*WORK INSTRUCTION:* Look in the data below for the line that has "Photo of 7350 Monica Ln", then print exactly every line from there through the line that has "1001 Beech Road", leaving pictures out.

- - - - -

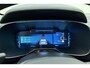 Citroën C5 Aircross 1.6 Plug-in Hybrid 180 Max | Schuif-/kanteldak | Adaptieve Cruise | 360gr Camera | Keyless Entry | Elektr. achterklep | PHC Vering | Comfort Seats
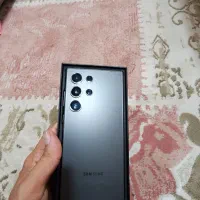 samsung s24 ultra 256g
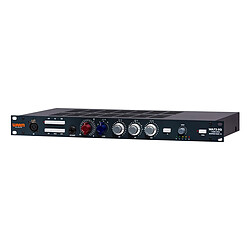 Warm Audio WA73-EQ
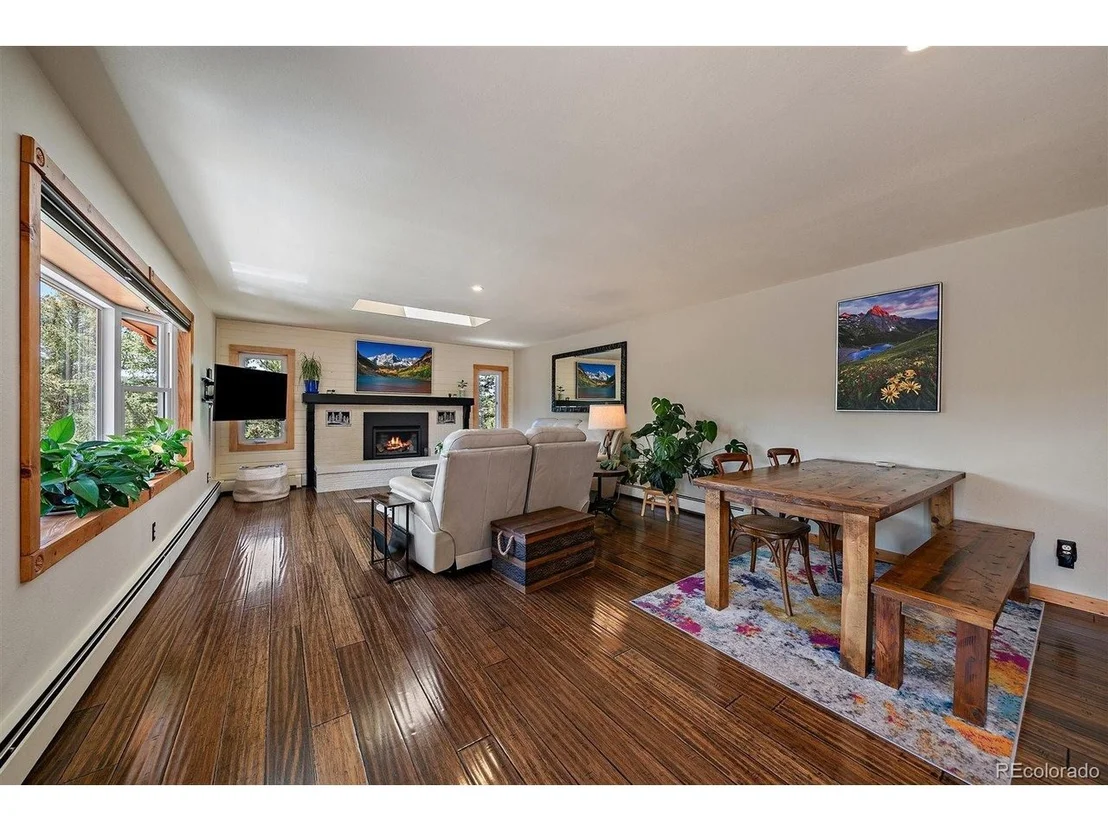 Photo of 7350 Monica Ln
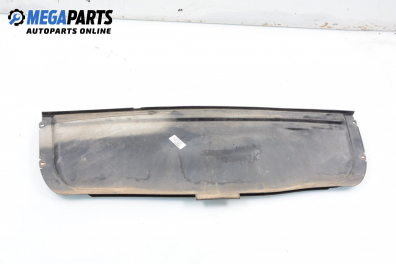 Kunststoffverkleidung for Opel Zafira A 2.0 16V DI, 82 hp, minivan, 2000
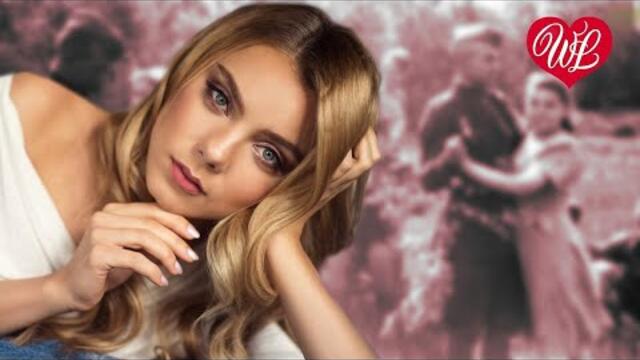 Дмитрий Хворостовский    -   СЛУЧАЙНЫЙ ВАЛЬС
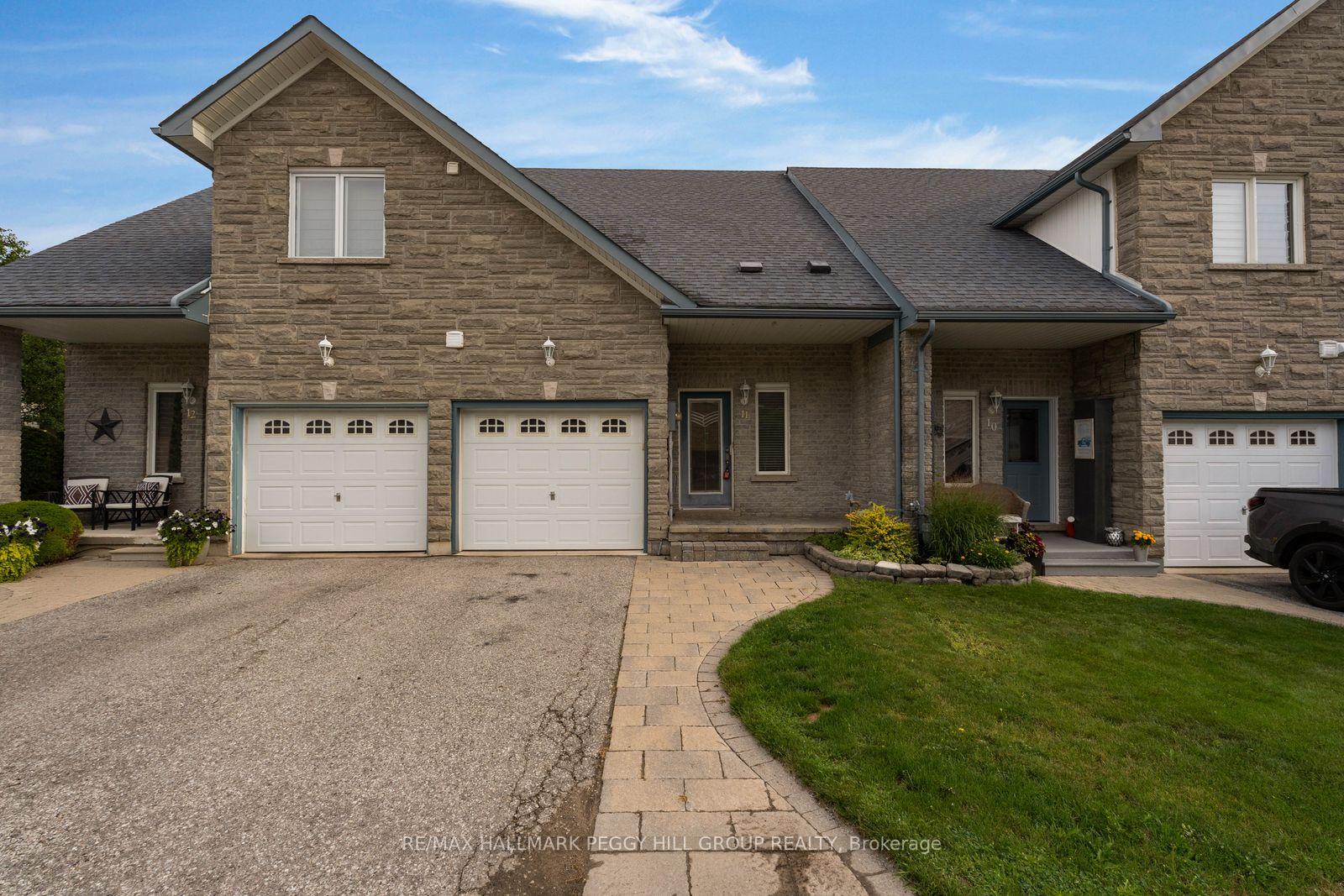 125-huronia-road-barrie-ontario-s13666104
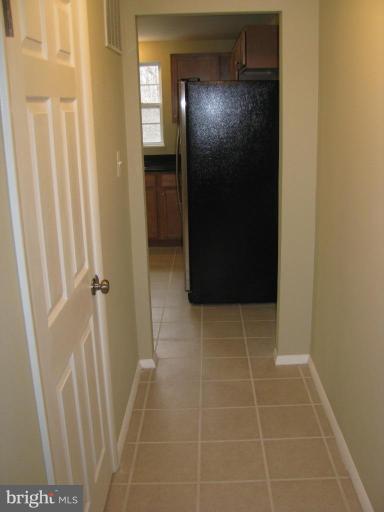 1001 Beech Road Sterling, VA 20164 - Photo 11 of 23 Ceramic Tile in Kitchen, Center Hall & Foyer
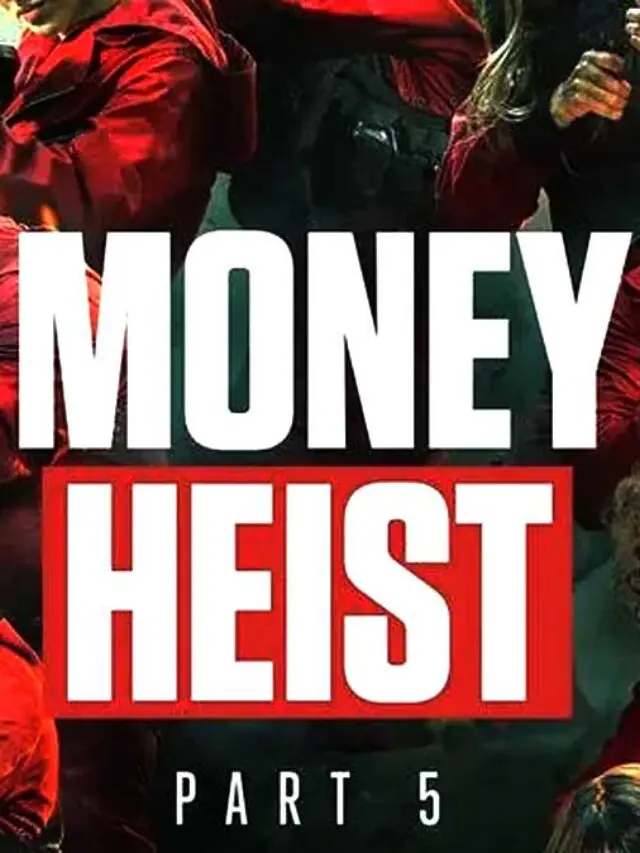 cropped-Money-Heist-Part-5-Volume-2-Download-Full-HD.jpg
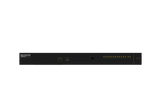 NETGEAR AV Line M4250-12M2XF (MSM4214X) 12x2.5G and 2xSFP+ Managed Switch (TAA Compliant)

- - - - -

*YOUR SOLUTION:*
 Photo of 7350 Monica Ln
 Kunststoffverkleidung for Opel Zafira A 2.0 16V DI, 82 hp, minivan, 2000
 Дмитрий Хворостовский    -   СЛУЧАЙНЫЙ ВАЛЬС
 125-huronia-road-barrie-ontario-s13666104
 1001 Beech Road Sterling, VA 20164 - Photo 11 of 23 Ceramic Tile in Kitchen, Center Hall & Foyer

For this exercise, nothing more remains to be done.